Step 5 – Establish Enterprise Visibility
Most organizations, beginning their journey to GDPR compliance, understand the importance of identifying the location of personal data repositories and focus on systems as SAP, Oracle databases and middleware, Marketo, and Salesforce. But these large systems often represent just a fraction of the systems that process personal data. Like an iceberg, the vast majority of applications are often effectively invisible, unconsidered by the GDPR team and include SaaS applications purchased by business units with little to no involvement by IT.
Step 6 – Eliminate Personal Data Blind Spots
The funny thing about blind spots is that they are often unknown unknowns. You don’t even know you have them. While this works great for bald spots on the back of your head, it isn’t quite so advantageous when it comes to unknown personal data repositories. Use existing or new automated discovery tools to uncover all personal data repositories across the enterprise.

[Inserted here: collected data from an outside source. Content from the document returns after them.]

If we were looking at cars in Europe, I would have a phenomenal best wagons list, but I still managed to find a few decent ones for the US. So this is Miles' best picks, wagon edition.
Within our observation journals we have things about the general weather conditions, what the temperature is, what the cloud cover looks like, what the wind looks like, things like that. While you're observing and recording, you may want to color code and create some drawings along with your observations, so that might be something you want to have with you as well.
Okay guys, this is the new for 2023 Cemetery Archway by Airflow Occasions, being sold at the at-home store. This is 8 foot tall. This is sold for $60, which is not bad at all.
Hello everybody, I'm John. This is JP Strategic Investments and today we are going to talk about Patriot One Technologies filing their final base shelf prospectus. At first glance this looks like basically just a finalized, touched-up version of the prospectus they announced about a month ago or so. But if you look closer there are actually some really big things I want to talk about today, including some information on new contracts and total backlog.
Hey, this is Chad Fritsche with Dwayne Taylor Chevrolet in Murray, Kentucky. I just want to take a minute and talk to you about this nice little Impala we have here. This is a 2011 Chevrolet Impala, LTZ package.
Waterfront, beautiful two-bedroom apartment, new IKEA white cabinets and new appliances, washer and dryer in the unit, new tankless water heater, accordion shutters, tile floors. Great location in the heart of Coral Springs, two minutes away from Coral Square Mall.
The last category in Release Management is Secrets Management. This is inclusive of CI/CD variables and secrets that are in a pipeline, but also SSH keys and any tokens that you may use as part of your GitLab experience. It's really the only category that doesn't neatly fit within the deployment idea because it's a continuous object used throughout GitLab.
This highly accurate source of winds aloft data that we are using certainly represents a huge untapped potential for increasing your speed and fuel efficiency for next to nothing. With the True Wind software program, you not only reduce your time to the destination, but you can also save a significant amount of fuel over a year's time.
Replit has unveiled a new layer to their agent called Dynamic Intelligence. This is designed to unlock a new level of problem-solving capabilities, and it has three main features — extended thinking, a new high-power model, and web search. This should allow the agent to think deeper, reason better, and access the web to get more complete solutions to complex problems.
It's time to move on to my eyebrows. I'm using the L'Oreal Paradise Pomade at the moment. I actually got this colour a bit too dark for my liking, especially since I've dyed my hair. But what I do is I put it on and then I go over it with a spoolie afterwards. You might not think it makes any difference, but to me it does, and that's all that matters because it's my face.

- Pro-Tip: Beware of mobiles. Mobile devices are regulated by GDPR as are all technologies used for the processing of personal data. Not only do these devices maintain personal data, they also process information on the user. In addition, they are especially susceptible to be being lost, potentially running afoul of GDPR directives on maintaining control of personal data.
Step 7 – Build Your People, Process, and Technology Arsenal
There is no silver bullet to GDPR compliance. No single application you can buy or consultant you can hire. Instead, GDPR compliance takes a combination of people, process, and technology.
People. Set up a cross-functional data governance team, made up of the DPO, IT leaders and business leaders from a range of functions including Compliance, Legal, HR, Customer Service, and Marketing.
Process. Once the data governance team has defined what personal data means, they need to share this understanding across the organization. In addition, privacy rules must be documented and shared across all lines of business.
Technology. There are a number of solutions that can accelerate and maintain GDPR compliance including case management systems for handling data subject requests, data discovery systems for finding applications (including Snow’s own GDPR Risk Assessment), structured data, and unstructured data, Identity and Access Management to track role management and who has access to which data, and Software Asset Management which can help create the system, users, and device visibility required to ensure claims of “compliance” are based on a complete understanding of the enterprise.